* Available data *
######

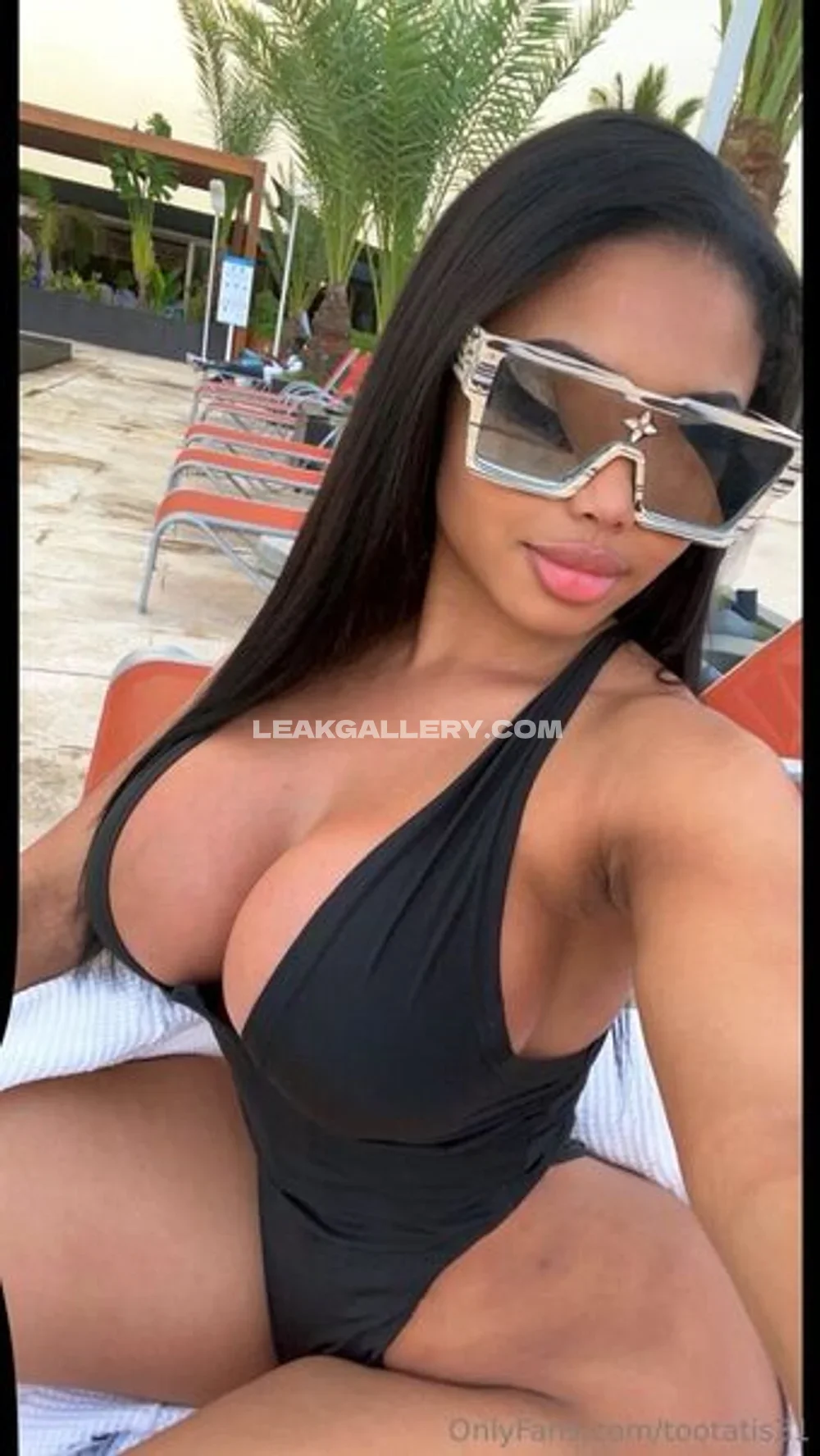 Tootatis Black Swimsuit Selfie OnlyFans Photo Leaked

######

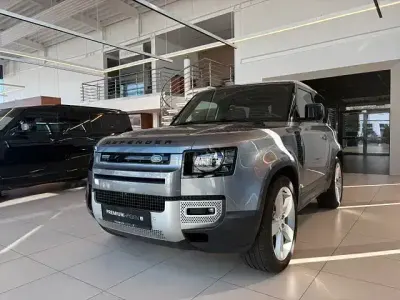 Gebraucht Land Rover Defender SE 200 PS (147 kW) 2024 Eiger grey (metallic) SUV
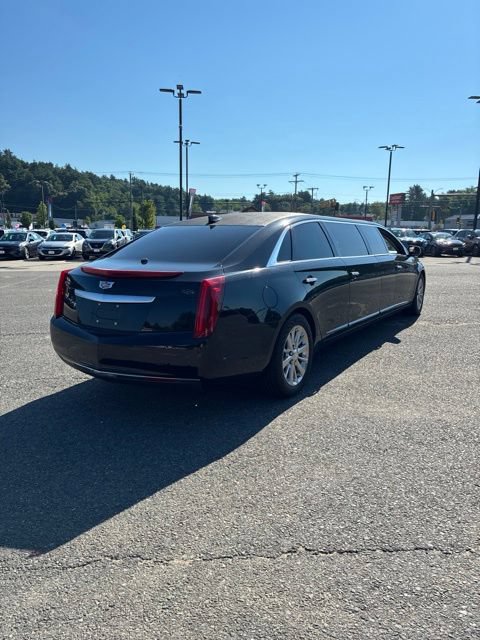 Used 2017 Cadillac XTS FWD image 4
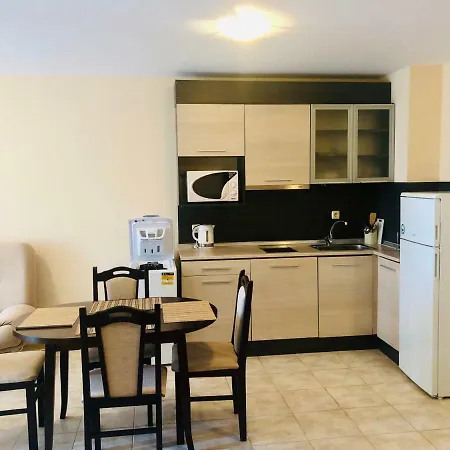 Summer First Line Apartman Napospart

######

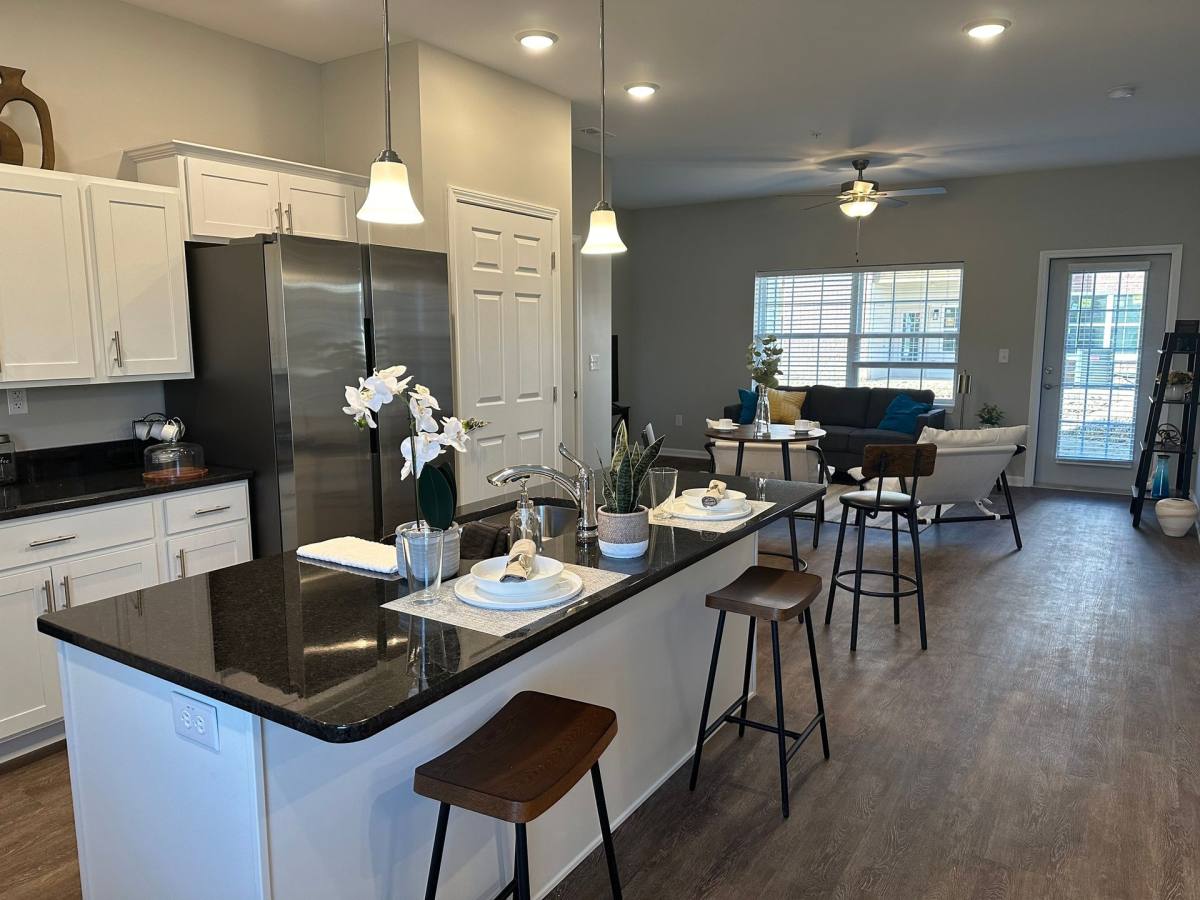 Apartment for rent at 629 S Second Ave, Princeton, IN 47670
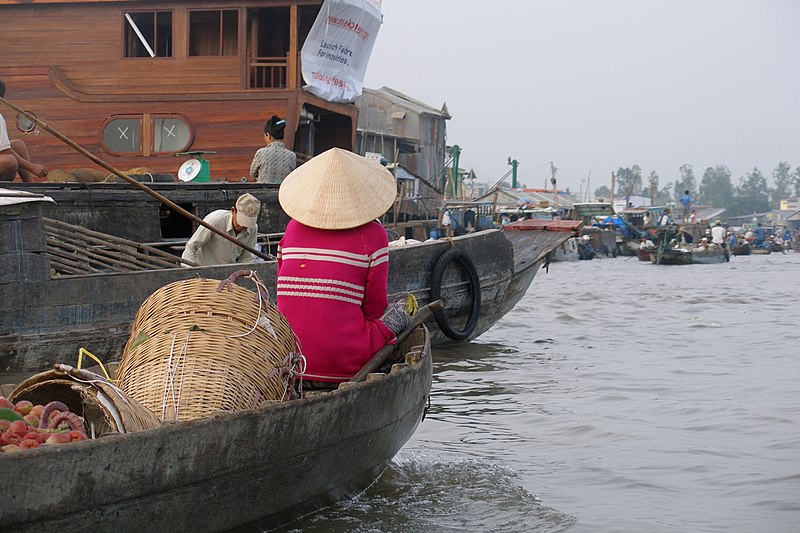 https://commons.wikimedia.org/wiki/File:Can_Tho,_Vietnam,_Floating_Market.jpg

######

* What is required *
Reproduce exactly, with no pictures, the lines above from the one holding "Gebraucht Land Rover" to the one holding "Summer First Line Apartman Napospart", inclusive.

* Solution below *
 Gebraucht Land Rover Defender SE 200 PS (147 kW) 2024 Eiger grey (metallic) SUV
 Used 2017 Cadillac XTS FWD image 4
 Summer First Line Apartman Napospart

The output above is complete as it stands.